Just came across this Associated Press news release, which claims VeriSign will "start distributing family friendly movies from AxiomTV early next year". Can you believe it?
As it turns out, the AP story was slightly misleading. The movie download service will actually be offered by VeriSign customer Axiom.TV. On Jan 8, Axiom will launch "the world's first family friendly and parental controlled Internet TV channel". Its "military-grade web-blocking technology" will protect viewers from porn, violence and vulgarity.
What VeriSign will offer is its Kontiki P2P content delivery service. The company says with P2P, content owners enjoy cost savings of approx 40%.
Since I hadn't heard of Kontiki before, I did a bit of quick research and found that the technology comes from a VeriSign subsidiary. Founded in 2001 by Netscape alums, Kontiki raised $42.6 million throughout the years before its $62 million acquisition by VeriSign in March 2006.

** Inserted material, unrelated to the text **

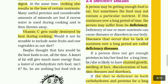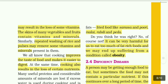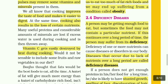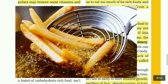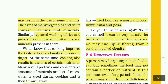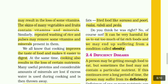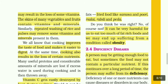Boju thought that fats would be our best food to eat all the time. A calorie of fat-rich food will give much more energy than a calorie of carbohydrate-rich food. So he ate food rich in fats — fried food like samosa, puri, and other such items. Do you think he was right? No, of course not. It can be very harmful for us to eat too much of fat-rich foods and we may end up suffering from a condition called obesity.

Amazon, eBay, Sony, McAfee, Ernst & Young and the Sundance Festival were all early customers. It currently powers video delivery for Adobe, Nextel, TimeWarner and CNet. What I found most intriguing was this 2002 press release about its grid delivery server software: "Kontiki's customers have created their own grids to deliver business video on demand to their sales force, channel partners, employees and customers."
When I first came across CoralCDN this summer, I thought P2P content delivery was a pretty new idea. Little did I know that the technology - as well as Kontiki's vision of delivering TV-quality video - has been around for ages! Coral's still pretty cool, though. Digg, Fark, Slashdot and a long list of other sites all use its free service.
I'm intrigued with the concept of P2P delivery with subscription control and usage reporting though.